MAKE IT HOT. COOL IT DOWN. TURN IT OVER

June 8th – 10th, 2018. @Safehouse, Peckham, London. 

Make it Hot. Cool it Down. Turn it Over. was a year long season dedicated to thinking around hybrid practices, porous bodies, dirty materials and messy questions. What happens to an exhibition process when channelled through and practiced as ‘compost’?

We turned to the subterranean living world, in which numerous creatures mutually decompose discarded matter into rich soil, as it helped us to think about the process of coming together and engaging in a ‘hot’ conversation. We were struck by the fact that compost is as much about com-position, ‘putting together’, as it about de-composition, and thus ‘taking apart’: there might be loose contact or engaged dissent, tender touch or hostile rejection. And certainly, questions permeate the pile only to be multiplied: What are the conceptual limitations of working with this organic figure of compost and how is it re-worked when pushed and pulled in different directions, when brought in contact with synthetic, manufactured, or inert materials? What are the overarching implications when waste is turned into value? Who is part of the pile and who is not?

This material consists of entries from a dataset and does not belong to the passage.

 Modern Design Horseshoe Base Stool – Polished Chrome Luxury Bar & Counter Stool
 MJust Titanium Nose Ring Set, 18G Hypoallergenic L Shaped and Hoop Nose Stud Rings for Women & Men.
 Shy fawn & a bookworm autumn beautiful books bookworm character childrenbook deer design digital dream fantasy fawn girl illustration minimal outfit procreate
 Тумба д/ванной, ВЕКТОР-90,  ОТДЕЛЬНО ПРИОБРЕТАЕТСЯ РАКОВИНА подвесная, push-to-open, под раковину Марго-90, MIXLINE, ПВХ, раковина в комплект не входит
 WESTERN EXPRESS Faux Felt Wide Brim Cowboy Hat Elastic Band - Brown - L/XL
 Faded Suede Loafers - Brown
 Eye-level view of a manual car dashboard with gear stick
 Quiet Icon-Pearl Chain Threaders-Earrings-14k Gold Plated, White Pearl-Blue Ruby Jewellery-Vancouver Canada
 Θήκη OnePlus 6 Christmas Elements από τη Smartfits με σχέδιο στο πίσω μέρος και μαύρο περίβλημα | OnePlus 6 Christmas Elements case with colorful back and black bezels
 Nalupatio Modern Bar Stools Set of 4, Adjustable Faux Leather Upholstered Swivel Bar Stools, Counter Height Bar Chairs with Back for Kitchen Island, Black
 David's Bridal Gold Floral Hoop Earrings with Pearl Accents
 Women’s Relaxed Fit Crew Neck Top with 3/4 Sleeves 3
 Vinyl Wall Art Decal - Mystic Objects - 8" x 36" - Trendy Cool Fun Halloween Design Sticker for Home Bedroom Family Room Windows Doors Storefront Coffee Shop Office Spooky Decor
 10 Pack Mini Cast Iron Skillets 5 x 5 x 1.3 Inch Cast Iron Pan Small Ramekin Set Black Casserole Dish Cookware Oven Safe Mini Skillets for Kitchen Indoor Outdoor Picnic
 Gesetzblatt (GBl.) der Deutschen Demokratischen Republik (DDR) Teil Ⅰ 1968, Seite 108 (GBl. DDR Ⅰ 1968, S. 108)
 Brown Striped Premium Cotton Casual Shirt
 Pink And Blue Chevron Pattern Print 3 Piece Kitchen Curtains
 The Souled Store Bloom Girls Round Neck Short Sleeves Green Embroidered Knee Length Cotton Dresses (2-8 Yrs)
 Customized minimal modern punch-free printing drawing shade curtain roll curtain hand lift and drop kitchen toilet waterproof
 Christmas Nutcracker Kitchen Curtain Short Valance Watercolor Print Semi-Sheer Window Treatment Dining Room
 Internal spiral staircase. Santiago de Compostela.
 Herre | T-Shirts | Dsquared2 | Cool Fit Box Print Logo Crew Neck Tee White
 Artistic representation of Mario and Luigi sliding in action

The pile is porous and open to material and immaterial bodies, and thus takes the hostis serious, not knowing if these encounters lead to symbiotic, parasitic, fertile or dysfunctional relationships. We were curious about surprising changes that can arise from such open spaces, in which practices, bodies, sounds, and smells affect and penetrate each other.

 

 

 

ARTISTS

Daniel V. Keller , Rafal Zajko, Miriam Naeh, Daisy Parris , Alecs Pierce

 

“Rubble Bubble” (2018), Rafal Zajko
“Coordinates Extended” (2018), Daniel Keller
“Beneath a Tent, a Performance for Strings and Voice” (2018), Alex Pierce and Zoe Annesley
“Flora and Fauna [Oh, and One Transitional Object]” (2017), Miriam Naeh
“Things That Don’t Touch” (2017), Daisy Parris

COLLABORATORS

Alex Culshaw, Patrick Goddard, Gail Pickering, Dylan Edwards, Kerin Hille, Rachel Wilson, Zoe Annesley, Kilian O’Dwyer, Andrea Popelka, Lamin Fofana, Human Interface Task Force (Anna Mikkola and Matildaq Tjader), Malte Kobel and Mark Peter Wright, Kajsa Lindgren, Christopher Schmidt, Stefanie Schwarzwimmer, Sera Tansel, Emily Sarsam, Makkam

 

Fermentation workshop ran by Emily Sarsam
Film screening “(Re)presenting Communal Space” curated by Kerrin Hille and Rachel Wilson, with contributions by Gail Pickering, Patrick Goddard and Alex Culshaw

Dears,
Thinking about the compost again. Somehow, I feel we are not done with it, and that we can extend this and complicate (or test) it by contrasting it with other images, or leave the compost behind but go from there towards some unadressed questions. For Make it Hot, we needed it for specific reasons and used it for its proposition for sociality, but for our next adventure, I think we should use it as a model for something else: I am interested more in looking at it as a strange cannibalistic hybrid of things. A pile where everything gets thrown into, filtered – unfiltered? and then see what happens.
Maybe we look at the compost a bit more in a sense of why this seems to be a relevant model today, and equally look at its the pitfalls. We were reluctant about the organic aspect of the compost, because this forecloses a lot of things that we are surrounded by today. So we don’t want to think the compost not too literal and invent a new way how compost could work. I would love to see really weird things that people have done and thought about “composting” (or more associatively about hybriditiy and transformational processes) or how artists used to work with garbage where absolutely nothing disintegrates, because their idea of the issues of garbage might have been quite different, or to see things that produce heat so that ideas can flourish, or failings attempts of combining things, collectives that lasted very short / forever, alchemists, expressions of desire for contact, what is created when things are merged: monsters? medicine? Gold?
The touch of Midas
There was once a king named Midas who did a good deed for a Satyr and was granted a wish by the God of wine, Dionysus. For his wish, Midas asked that whatever he touched would turn to gold. Although Dionysus tried to dissuade him, Midas insisted that the wish was an excellent one, and it was granted! Excitedly, Midas went about touching all sorts of things, turning them into gold. Soon Midas became hungry. He picked up a piece of food, but he couldn’t eat it, for it had turned to gold in his hand! “I’ll starve,” moaned Midas, “Perhaps this was not such a good wish after all!” Midas’ beloved daughter, seeing his dismay, threw her arms about him to comfort him, and, she too turned to gold! “The golden touch is no blessing,” cried Midas. He went to the river and wept. The sand of that river turned as yellow as “fool’s gold” for it is there, they say, that King Midas washed away the curse of the golden touch with his own tears.